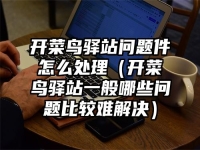 开菜鸟驿站问题件怎么处理（开菜鸟驿站一般哪些问题比较难解决）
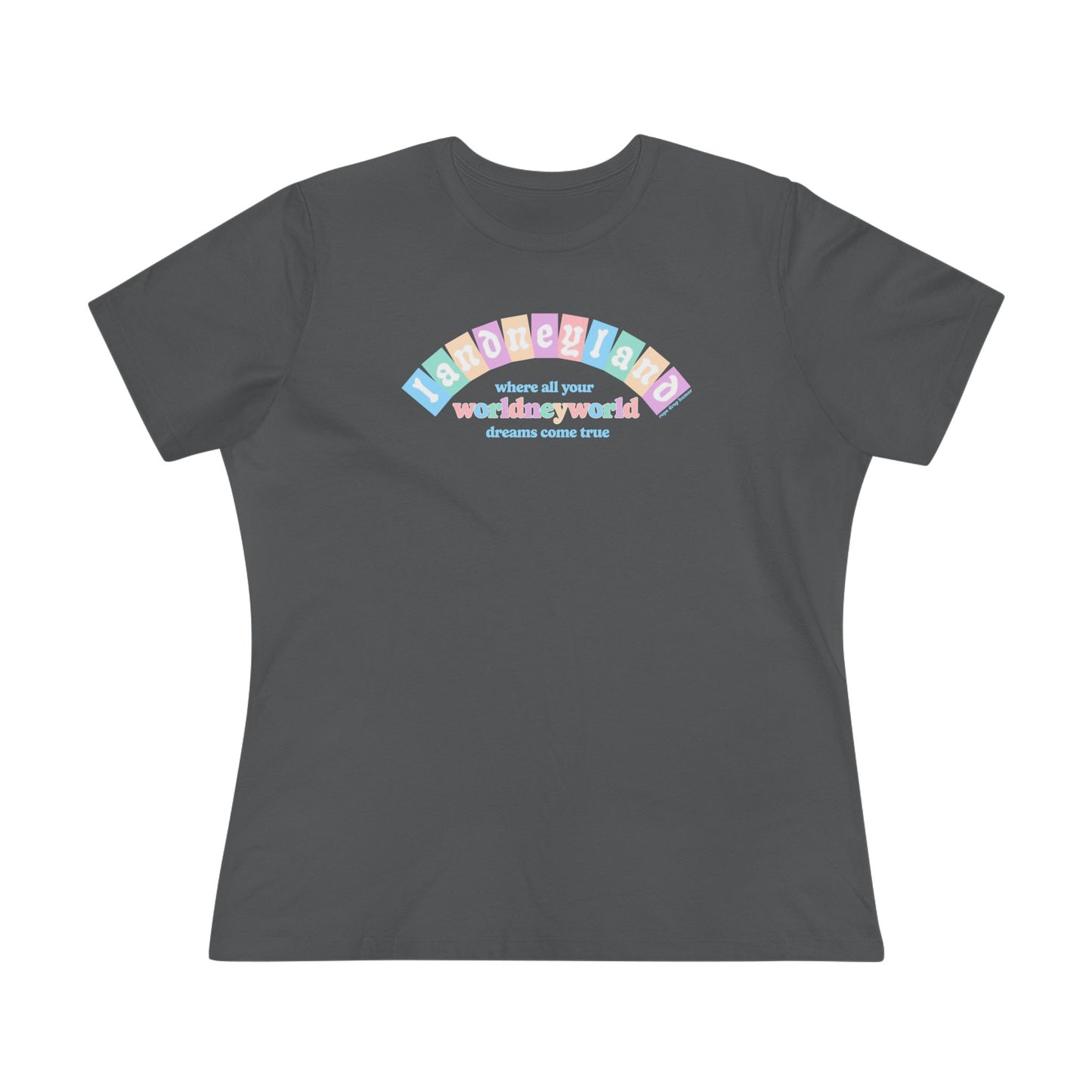 Landneyland Worldneworld Women's Fit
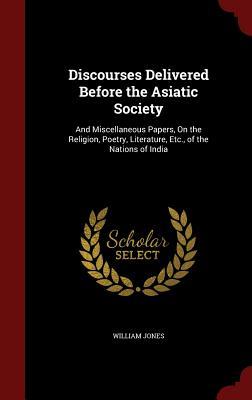 Discourses Delivered Before the Asiatic Society: And Miscellaneous Papers, On the Religion, Poetry, Literature, Etc., of the Nations of India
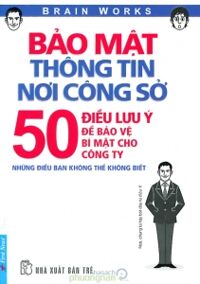 Bảo mật thông tin nơi công sở - 50 Điều lưu ý để bảo vệ bí mật cho công ty - Brain Works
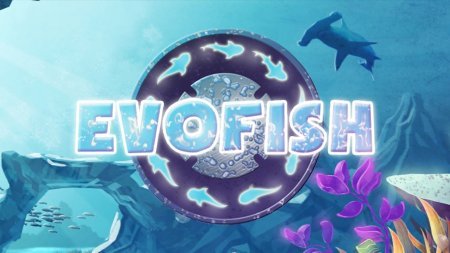 Evofish (Эволюция рыбы) – необычные приключения в вашем андроиде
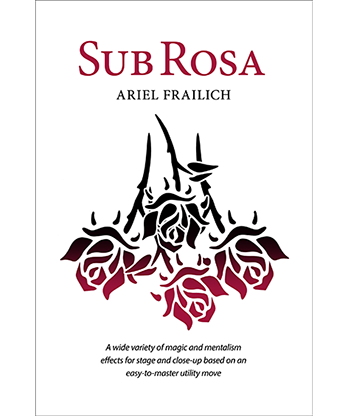 Sub Rosa by Ariel Frailich - Book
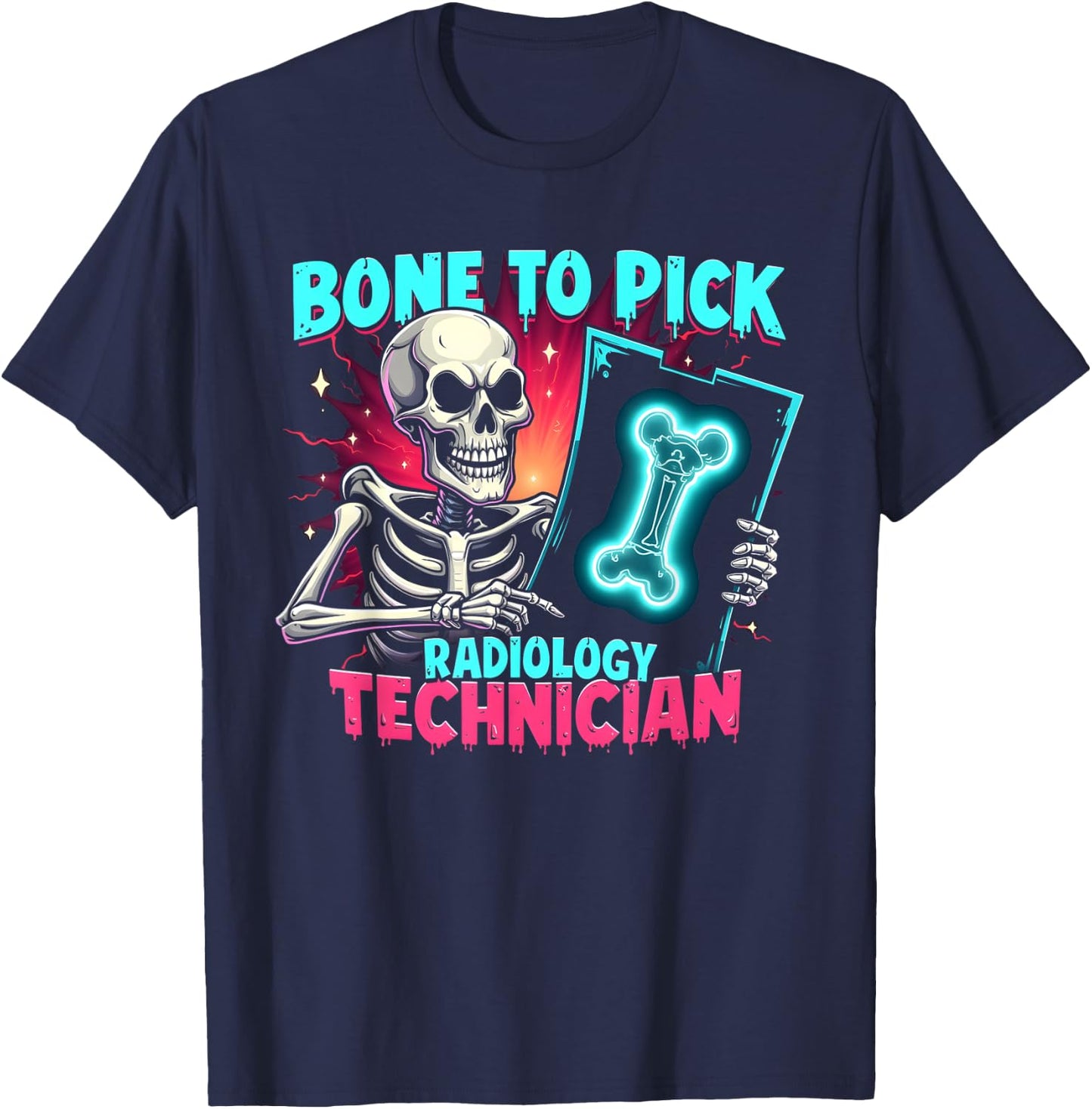 Bone To Pick Radiology Technician T-Shirt - T-Shirt | Navy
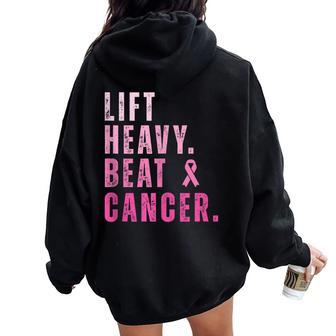Lift Heavy Beat Cancer Workout Fitness Gym Strong Womens Women Oversized Hoodie Back Print - Thegiftio UK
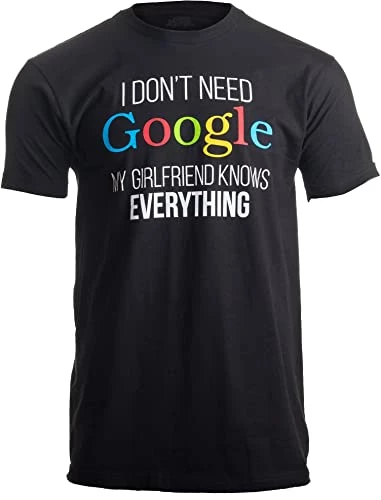 My Girlfriend Knows Everything! | Funny Boyfriend T-Shirt 3 My Girlfriend Knows Everything! | Funny Boyfriend T-Shirt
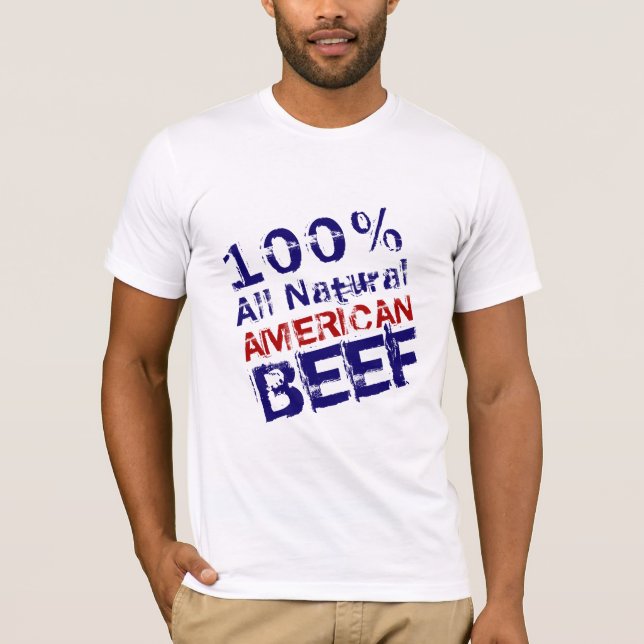 Alles natürliche amerikanische Rindfleisch T-Shirt (Vorderseite)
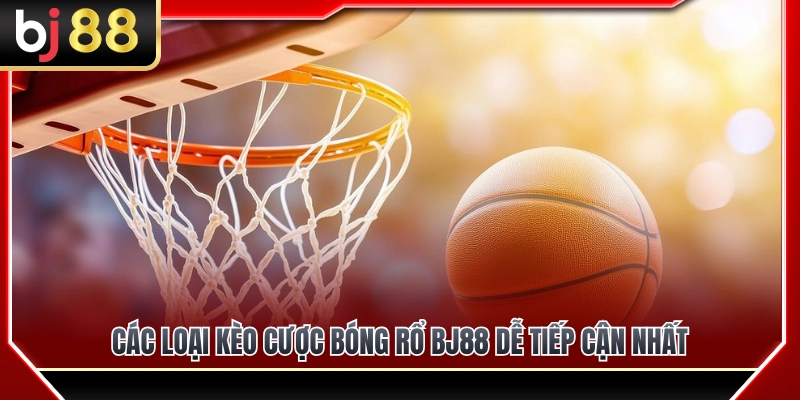 Cược Bóng Rổ BJ88 – Những Loại Kèo Dễ Tiếp Cận Cho Tân Thủ 3 Tổng hợp các dạng kèo bóng rổ dễ chơi nhất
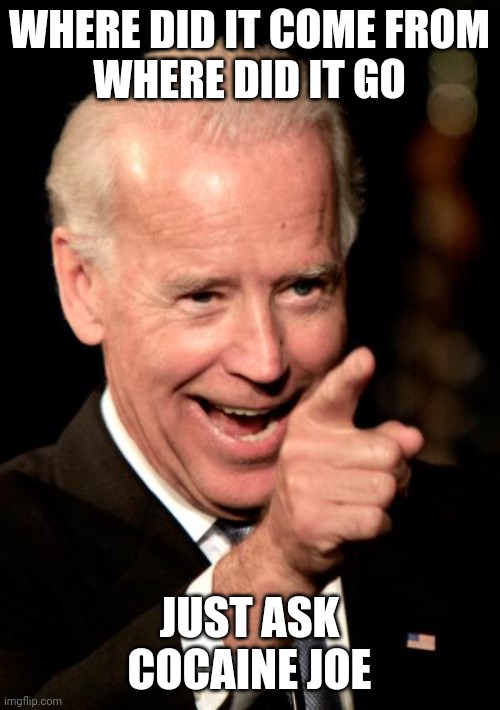 Smilin Biden | WHERE DID IT COME FROM
WHERE DID IT GO; JUST ASK COCAINE JOE | image tagged in memes,smilin biden | made w/ Imgflip meme maker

**Assignment**
In the listing above, find the line with "Discourses Delivered Before" and output every line through the one with "Lift Heavy Beat", exactly, without the pictures.

**Completed exercise**
 Discourses Delivered Before the Asiatic Society: And Miscellaneous Papers, On the Religion, Poetry, Literature, Etc., of the Nations of India
 Bảo mật thông tin nơi công sở - 50 Điều lưu ý để bảo vệ bí mật cho công ty - Brain Works
 Evofish (Эволюция рыбы) – необычные приключения в вашем андроиде
 Sub Rosa by Ariel Frailich - Book
 Bone To Pick Radiology Technician T-Shirt - T-Shirt | Navy
Lift Heavy Beat Cancer Workout Fitness Gym Strong Womens Women Oversized Hoodie Back Print - Thegiftio UK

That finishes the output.